Solo violists are rare birds, and their repertoire is not extensive. Neither is it, by and large, familiar, but there is something about that deep mellow instrument that brings out the best in composers.
For his recital at the Jewish Community Center Saturday, Toby Appel found lovely, seldom-played works by Laderman, Shulman and Kodaly to go along with a couple of old favorites by Bach and Brahms.
Appel, who performs under the auspices of the Young Concert Artists organization, has, in a career that began at the age of 18, made a name for himself in the twin areas of solo and chamber performance. He is a circumspect and careful artist who seems to hold himself at a distance from the emotional heart of the music while exploring, with intense musicality, the nuances of each phrase.

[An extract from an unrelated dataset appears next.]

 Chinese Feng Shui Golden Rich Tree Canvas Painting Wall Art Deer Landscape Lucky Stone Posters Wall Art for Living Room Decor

Laderman's "Elegy," written in 1975, was played with great concentration and the sort of technical assurance that made the portamentos and rhythmic configurations sound easy. There was no particular effort here to emphasize the music's lyrical qualities, but they showed through anyway.
Shulman's "Theme and Variations" is an attractive setting, in a rather baroque mold, of a nice modal tune. The music had a cheery, upbeat aura that was welcome in the company of the other somber pieces.
For an adagio by Kodaly, Appel found a new level of warmth, a wider vibrato and a broader bow stroke. The lovely little piece glowed under Appel's understanding touch.
Both the opening Bach G Major Sonata for Viola da Gamba and the concluding sonata by Brahms, more familiar in the guise of a clarinet sonata, were understated--nice, but cool.
Pianist Walter Ponce was marvelous throughout. He tempered his playing to Appel's modest propotions until the Brahms, where he gave himself a little more space.